Call for action to back up China’s words of support for private enterprise
- Academics say Beijing must spend less time placating state enterprises and oil the real engine of its economy
- Entrepreneurs need rule of law, not ‘ruled by law’
Chinese leaders’ efforts to restore private sector confidence in their policies are faltering and some observers remain sceptical about the long-term outlook unless the Communist Party can deliver on its commitments to the enterprises.
A University of Hong Kong academic has urged the Chinese government to relax its control of the economy and rein in its power. Otherwise, he warned, the private sector would continue to “face difficulty”.
Professor Chen Zhiwu, director of the university’s Asia Global Institute, said the conclusion was clear from his studies on the relationship between state-owned enterprises and China’s rule of law.
“The higher the proportion of the state-owned economy, the more impossible the rule of law,” he said.
“The rationale is simple. If state-owned enterprises were to frequently lose their cases against private complaints, there would be allegations of a loss of state-owned assets.
“So, will the law treat the interests of state-owned enterprises and private enterprises equally? State-owned enterprises are always favoured.”
Independent political commentator Deng Yuwen agreed, saying that although China’s Constitution recognised the private sector as a component of its economy, it had not been fully embodied in specific regulations.
“This has led to insufficient protection for the private sector in law enforcement,” he said.
“Even with the existing regulations, due to the arbitrary nature of law enforcement, politics, and government will, law enforcement can become selective, often damaging the interests of the private sector.”
Deng said China should correct previous unfair judgments in cases relating to private entrepreneurs to shore up confidence in the sector.
“We must implement the protection of private entrepreneurs’ property rights and personal rights in the Constitution and specific laws, and strengthen legislation in this area,” he said.
Chinese President Xi Jinping has promised capitalists that their businesses will be protected and that Beijing will try to find ways, such as tax cuts and bailouts, to help.
At a national symposium on the private sector on November 1, Xi identified six ways of aiding private enterprise, including easing taxation and administration costs, and helping private firms to source financial help.
He also promised to level the playing field for public and private enterprises; improve policy implementation; improve the relationship between government and business, and ensure entrepreneurs’ personal wealth and property were unmolested.
Zhu Haibin, chief China economist at US investment bank J.P. Morgan, also stressed the importance of “rule of law”, not “ruled by law”, in the Chinese government’s efforts to bolster the confidence of the private sector in its policies.
At a forum on Tuesday organised by HKU and Fudan University, Zhu warned the Chinese government of the Tacitus Trap, named after the Roman historian born in AD57 who said that when a government lacked credibility, its actions – good or bad – would be resented by the people.

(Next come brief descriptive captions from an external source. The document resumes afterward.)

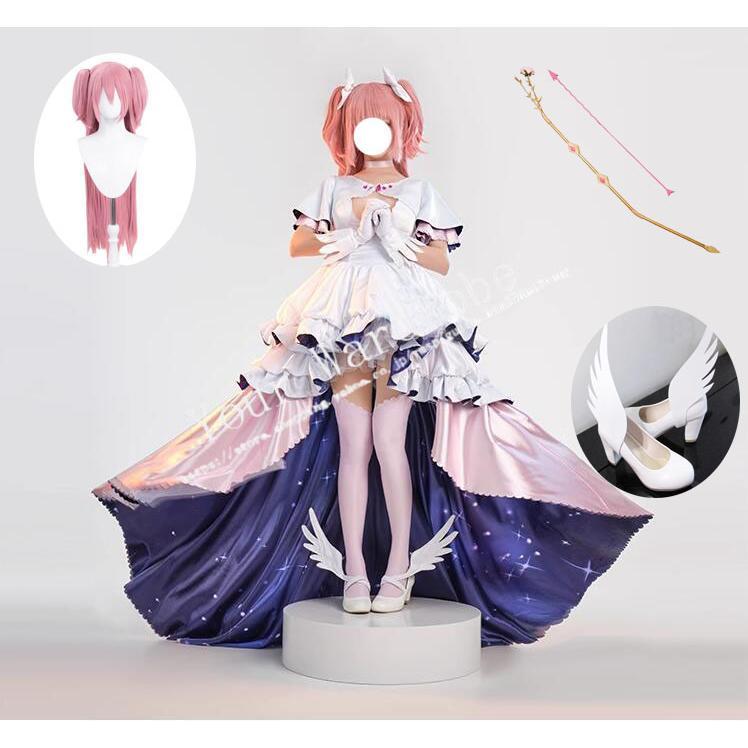 劇場版 魔法少女まどかマギカ 叛逆物語 アルティメットまどか 鹿目 まどか コスプレ衣装 ウィッグ 靴 コスチューム クリスマス ハロウィン 仮装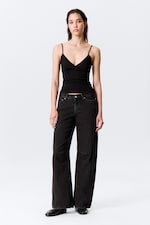 Noir affiné - Jean large et ample taille basse - 4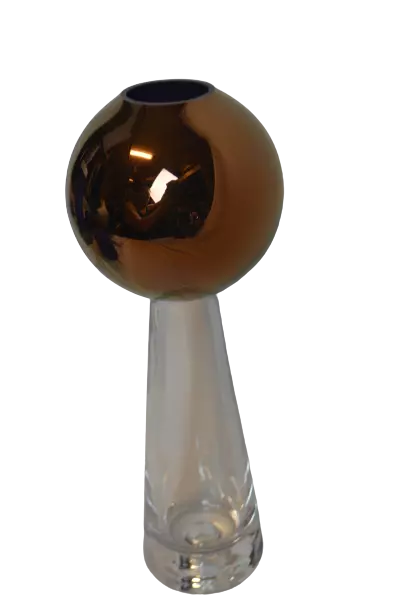 Gorgeous Tom Dixon Glass Tank Copper Stem Sculptural Vase NIB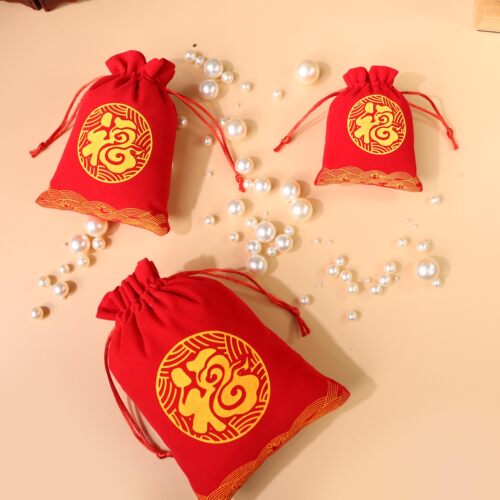新年福袋礼品束口袋红色绒布小福袋喜糖袋子首饰袋福字锦囊小布袋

Chinese leaders have been busy trying to assuage the fears of private companies this month and last. Two weeks before the symposium on the private sector, Xi issued an open letter that said China would continue to value and protect business.
Zhu sounded a word of caution on the effectiveness of the latest policy by the banking and insurance regulator which states that at least a third of big banks’ new loans to companies should go to the private sector.
The policy also requires at least two-thirds of small and medium-sized banks’ new loans to companies should go to private businesses, and at least half of new loans by the banking sector should go to private firms after three years.
“The market dropped 3 per cent on that day because people are worried about potential bad loans,” Zhu said.
A source familiar with the policies on the private sector told the Post that: “If you look back, such episodes repeat themselves many times.
“The latest was when Guo Guangchang, one of China’s highest profile investors, went missing at the end of 2015. The Chinese business community was shocked and full of fear. ‘If Guo can be taken away, then what about us?’ At that time, Beijing had sent similar comforting signals [to the private sector] too.”
In a state media interview last month,Vice-Premier Liu He stressed the importance of the private sector to China’s economy.
Liu said private companies contributed more than half of the nation’s tax revenues, 60 per cent of its gross domestic product and fuelled 70 per cent of China’s technological innovation.
He added that the private sector provided 80 per cent of the country’s urban employment and 90 per cent of its business and job creation.
Bankers were unwilling to loan money to private companies, he said. “This kind of understanding and practice is completely wrong,” Liu said.